§ **What to produce**:
In the entries below, begin at the line that has "야라 샤히디 x 아디다스 슈퍼스타 '크림 레거시 골드' GZ2764 Sizing" and stop after the line that has "Used Kia Stonic"; output those lines exactly, leaving out pictures.

§ **Provided records**:
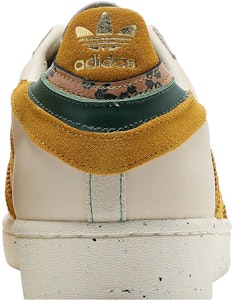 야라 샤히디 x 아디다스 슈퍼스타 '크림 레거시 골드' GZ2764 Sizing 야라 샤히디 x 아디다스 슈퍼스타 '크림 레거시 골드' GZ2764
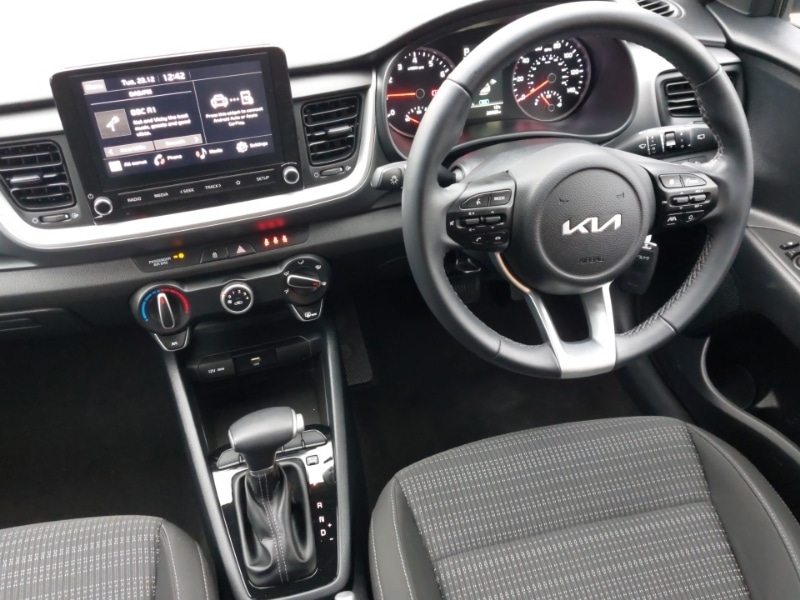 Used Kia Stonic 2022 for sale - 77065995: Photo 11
* * *
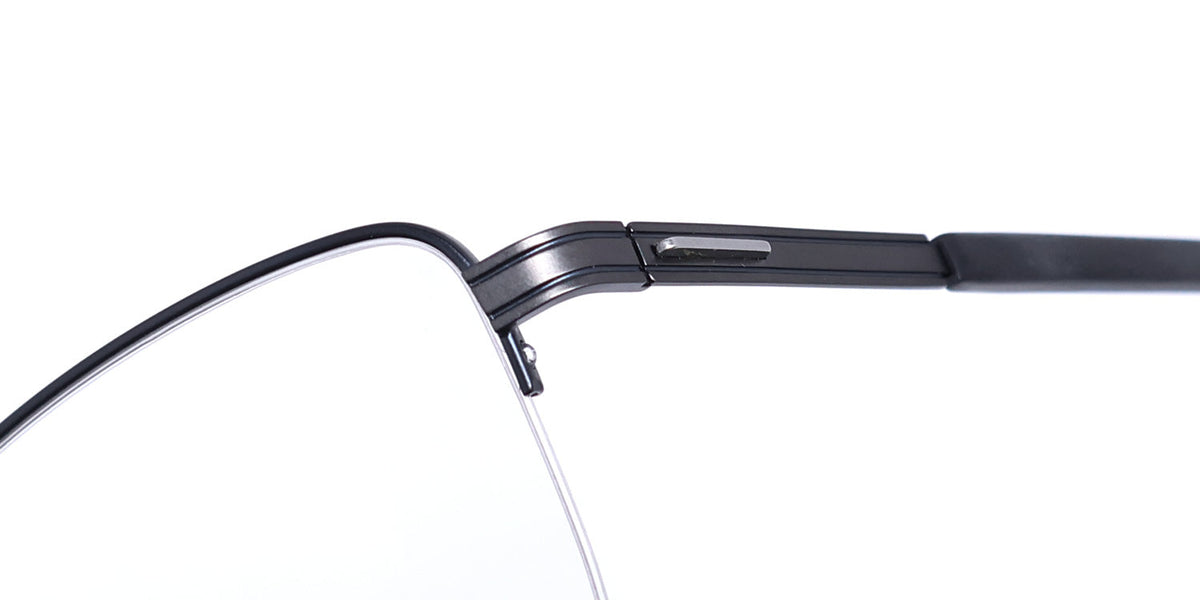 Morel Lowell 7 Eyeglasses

§ **Exercise output**:
 야라 샤히디 x 아디다스 슈퍼스타 '크림 레거시 골드' GZ2764 Sizing 야라 샤히디 x 아디다스 슈퍼스타 '크림 레거시 골드' GZ2764
 Used Kia Stonic 2022 for sale - 77065995: Photo 11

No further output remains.